五十嵐さんと会話をしているといつのまにか、どうやって作ろうかと一緒に考えている気分になっている。このプロジェクトもそんなふうに始まり、アーカイブがしなやかで粘りのある場として実現するためにあれこれと考えを巡らせている。

石川県で生まれ、20歳で大学進学をきっかけに横浜・東京と拠点を変えながら過ごしてきました。
建築を志し、新しい環境で学ぶ中でも金沢の海、川、山、まちの中の暮らしの風景や体験がやはり自分の原点です。
大学院では、金沢市春日町の旧北國街道に現存する町家の建物と暮らしの調査・実測・設計を一年間行い、地元の方を招いて街道沿いの町家の一角で発表しました。
いつかまた地元での縁が出来る事を秘かに願っていましたが、五十嵐さんのアーカイブの拠点の設計に関わる事になり、とても嬉しく思っています。
地元で学生をしている時も、放課後は金沢21世紀美術館や鈴木大拙館、金沢市立玉川図書館などに足を運びました。その場所にいるだけで、時間の流れを感じながら作者と対話し経験が蓄積されるような建築や作品群が集まる地域である事は、この場所でものづくりやデザインを志す人にとってとても大きな事だと感じます。
そこにまた一つ五十嵐威暢アーカイブが加わり、感性教育の場として展開するという今回のプロジェクト。
五十嵐さんの作品を通して、アーカイブの空間が作者と受け取り手のコミュニケーションの場所になっていく事を全力でサポートしていきたいと思います。

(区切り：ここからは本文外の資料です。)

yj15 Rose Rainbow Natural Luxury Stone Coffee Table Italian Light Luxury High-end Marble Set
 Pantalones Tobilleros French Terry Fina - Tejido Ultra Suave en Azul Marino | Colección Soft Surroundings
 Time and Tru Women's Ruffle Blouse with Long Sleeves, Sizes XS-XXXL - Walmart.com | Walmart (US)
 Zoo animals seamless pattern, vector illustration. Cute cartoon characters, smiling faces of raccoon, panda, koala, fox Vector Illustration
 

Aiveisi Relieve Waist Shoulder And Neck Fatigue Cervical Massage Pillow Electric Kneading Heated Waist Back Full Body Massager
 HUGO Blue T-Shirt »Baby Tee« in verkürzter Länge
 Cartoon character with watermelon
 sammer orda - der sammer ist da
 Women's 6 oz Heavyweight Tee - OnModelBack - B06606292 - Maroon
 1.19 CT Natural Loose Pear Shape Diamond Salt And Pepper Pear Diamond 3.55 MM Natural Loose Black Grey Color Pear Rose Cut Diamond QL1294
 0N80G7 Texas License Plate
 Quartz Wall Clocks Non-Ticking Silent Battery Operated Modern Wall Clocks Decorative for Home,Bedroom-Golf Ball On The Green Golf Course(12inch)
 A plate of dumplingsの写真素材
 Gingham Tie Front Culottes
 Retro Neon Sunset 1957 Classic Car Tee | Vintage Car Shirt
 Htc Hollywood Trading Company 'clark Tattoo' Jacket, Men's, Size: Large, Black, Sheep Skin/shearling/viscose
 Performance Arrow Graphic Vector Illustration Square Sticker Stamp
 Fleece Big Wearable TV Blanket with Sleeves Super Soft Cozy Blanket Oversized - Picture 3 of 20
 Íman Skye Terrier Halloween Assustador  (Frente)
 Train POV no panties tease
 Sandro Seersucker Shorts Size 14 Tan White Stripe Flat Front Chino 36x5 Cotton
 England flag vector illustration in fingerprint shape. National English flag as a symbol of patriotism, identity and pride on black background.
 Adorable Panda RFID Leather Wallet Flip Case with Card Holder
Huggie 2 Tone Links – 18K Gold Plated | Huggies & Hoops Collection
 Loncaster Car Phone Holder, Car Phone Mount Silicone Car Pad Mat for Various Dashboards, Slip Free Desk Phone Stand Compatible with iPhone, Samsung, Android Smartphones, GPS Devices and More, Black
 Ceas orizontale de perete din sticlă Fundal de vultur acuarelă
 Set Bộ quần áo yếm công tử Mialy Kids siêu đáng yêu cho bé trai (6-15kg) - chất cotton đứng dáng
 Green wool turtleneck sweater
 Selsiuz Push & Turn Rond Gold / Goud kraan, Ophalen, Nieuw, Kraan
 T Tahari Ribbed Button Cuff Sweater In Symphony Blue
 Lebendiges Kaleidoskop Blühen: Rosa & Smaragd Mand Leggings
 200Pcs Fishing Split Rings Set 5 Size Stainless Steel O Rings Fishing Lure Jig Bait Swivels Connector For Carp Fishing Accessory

「北海道に日本中、世界中の人がわざわざ訪れるとても小さなデザインショップをつくりたいと思っています。そのお店は小さいけれど宝石の原石のようなもので、磨かなければ光らないし、磨けば圧倒的な光を放つことになります。そのショップのデザインをお願いしたいのですが。」
今から15年前、私が五十嵐さんとお会いしてから初めての打合せで飛び出した言葉です。その時やるべきことを天からの啓示としてうけたような衝撃をいまでも覚えています。五十嵐さんの志の高さと純粋さに鼓舞されるように、ショップスタッフと共に一気にオープンまで駆け抜けた厳しくも幸せな時間でした。
五十嵐威暢アーカイブは、KIT金沢工業大学において、五十嵐さんの思想と全仕事を、世界中の次世代へと継承し伝播していくというかつてない壮大なアーカイブ活動となることに、夜明け前のような静かな胸の高鳴りを感じています。
また再び、このような貴重なプロジェクトに参加させていただけることに感謝申し上げます。

hayano-isho.com

五十嵐さんと最初にお会いしたのは2006年、北海道ゆかりのアーティストに話を聞くという仕事でした。ロサンゼルスから帰国したばかりの世界的な彫刻家への取材。震えちゃいますよね。しかしながら、ムダな緊張は秒で消滅。五十嵐さんの物腰のおだやかさ、ちらりと見せてくださる人なつっこさに、こちらの肩の力も自然と抜けてゆくのでした。
横須賀のアトリエで目にした「こもれび」も鮮烈に覚えています。軽やかで、気持ちがふわりと放たれるような感覚。ずっと眺めていたい作品です。無垢で、自由で、楽しがり屋さん。そんな五十嵐さんへの印象は、いまも変わりません。
ありがたいことにその後もご縁は続き、札幌の郊外に設けたわが家+夫の設計事務所+私の個人事務所に併設するかたちで、五十嵐さんが6年にわたりアトリエを開設され、日常的に刺激をいただいたことも大きな財産です。なかでも、ときおり語られる海外の街や建築は興味深く、それらの場所のひとつふたつをめざして、いつか旅ができたらと思います。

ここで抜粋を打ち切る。